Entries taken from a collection
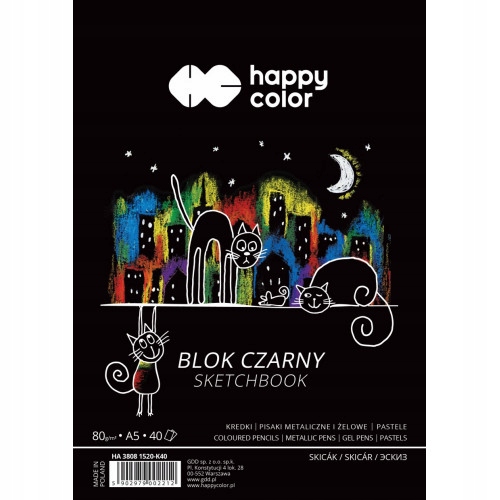 BLOK CZARNY NA SPIRALI A5 40k/80g HAPPY COLOR KOTY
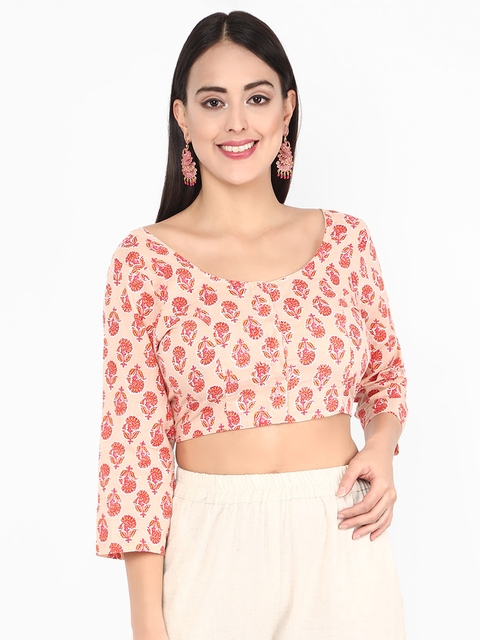 Molcha Women Pink Printed Front Open Non-Padded Sanganeri Blouse
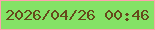 文字の大きさ：2、枠の色：ffa1af、背景の色：84e266、文字の色：654a1b 無料ブログパーツのブログ時計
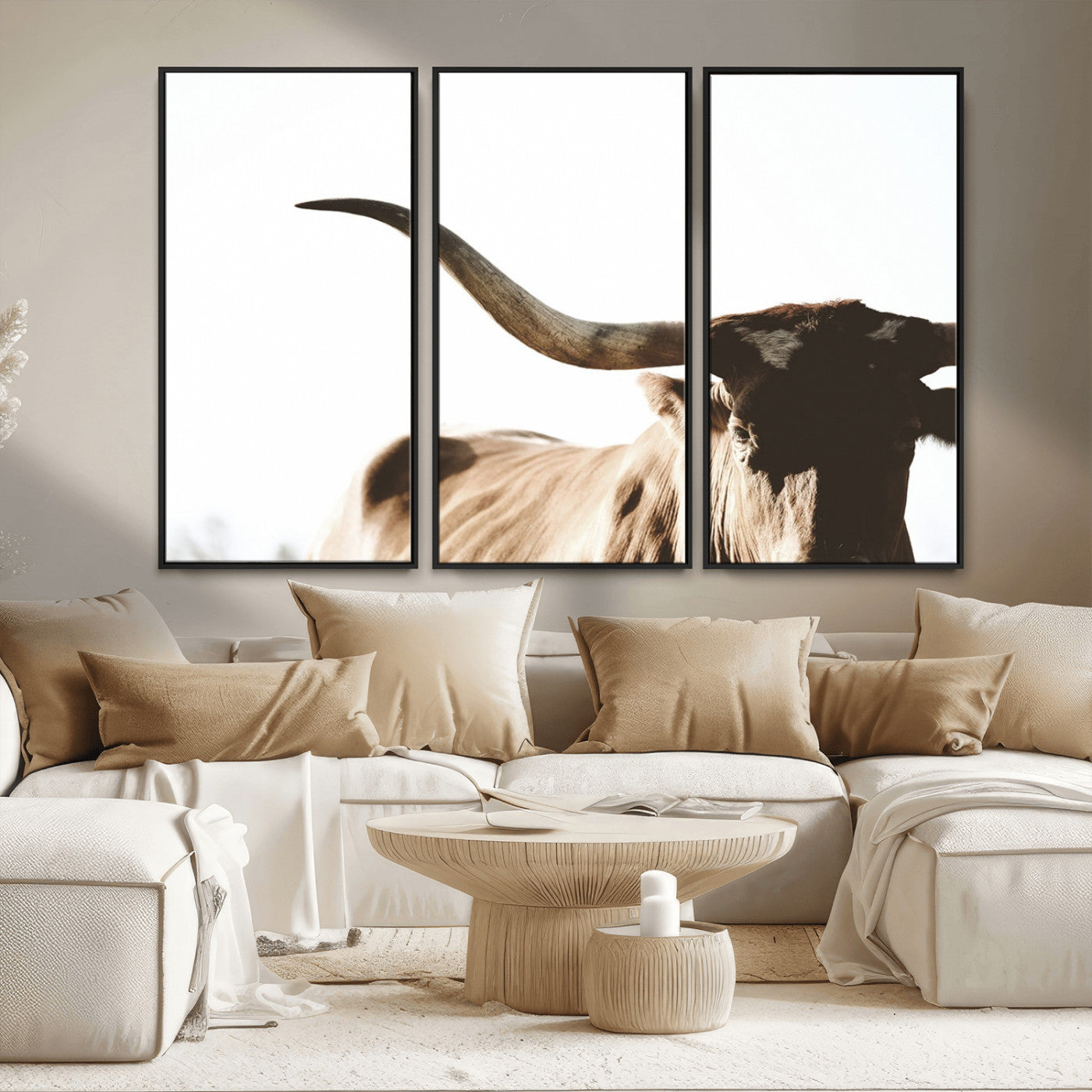 MGV-FC-48X32-3P - Texas Longhorn Wall Art Canvas Print | 3-Panel Large Longhorn Canvas Print for Living Room, Framed Gallery Wrap Office, Rustic Western Cowboy Decor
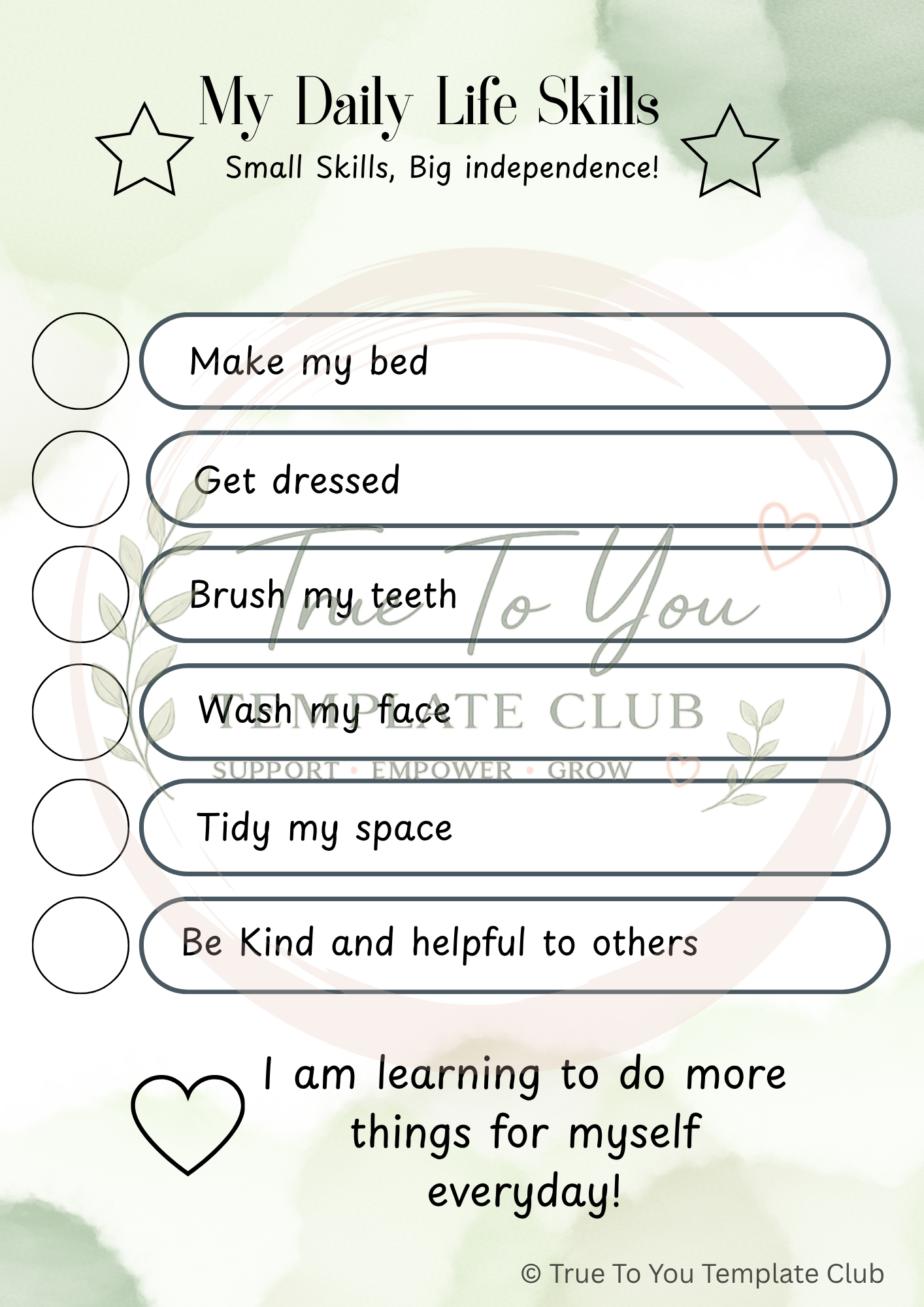 Visual Checklist: My daily life skills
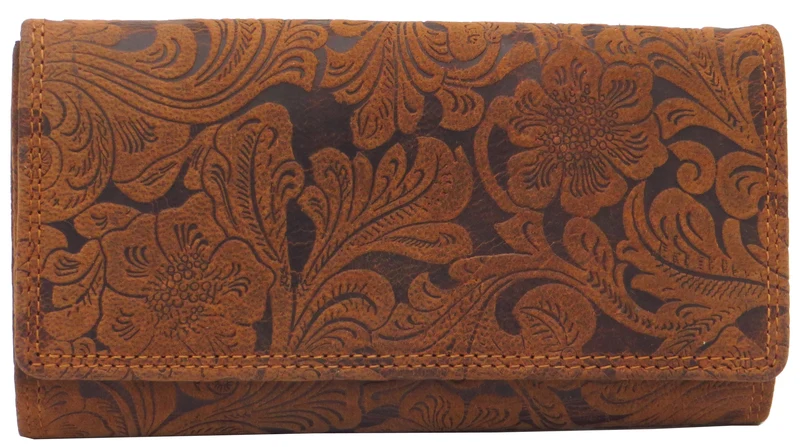 Geldbörse Portemonnaie Organizer braun für Damen Blumenmuster Büffelleder LW003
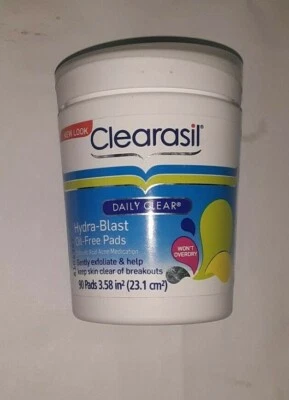 90 垫 CLEARASIL DAILY CLEAR HYDRA BLAST OIL FREE ACNE PADS 密封已停产 — 第 1/3 张图片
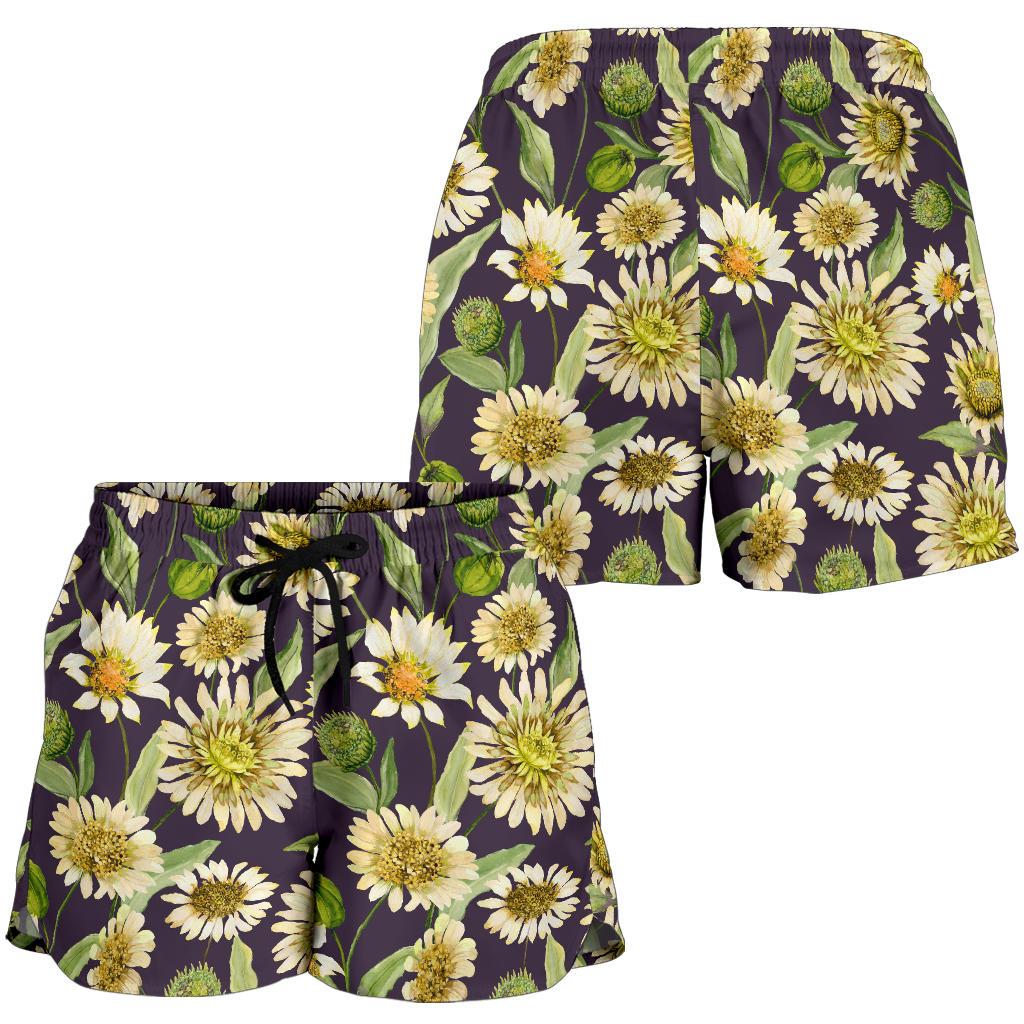 Daisy Vintage Print Pattern Women Shorts-JTAMIGO.COM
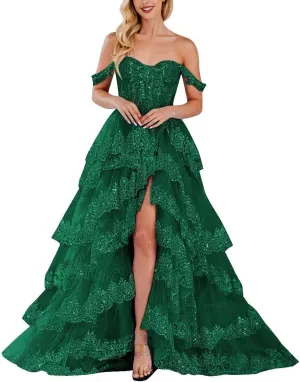 Lace Appliques Prom Dresses for Women Sparkly Tiered Tulle Off The Shoulder Formal Evening Gowns with Slit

▸ Task requirements:
Exactly repeat only the lines from the one with "Visual Checklist: My daily life skills" to the closing line above, both included, and omit every picture.

▸ Exercise solution:
 Visual Checklist: My daily life skills
 Geldbörse Portemonnaie Organizer braun für Damen Blumenmuster Büffelleder LW003
 90 垫 CLEARASIL DAILY CLEAR HYDRA BLAST OIL FREE ACNE PADS 密封已停产 — 第 1/3 张图片
 Daisy Vintage Print Pattern Women Shorts-JTAMIGO.COM
 Lace Appliques Prom Dresses for Women Sparkly Tiered Tulle Off The Shoulder Formal Evening Gowns with Slit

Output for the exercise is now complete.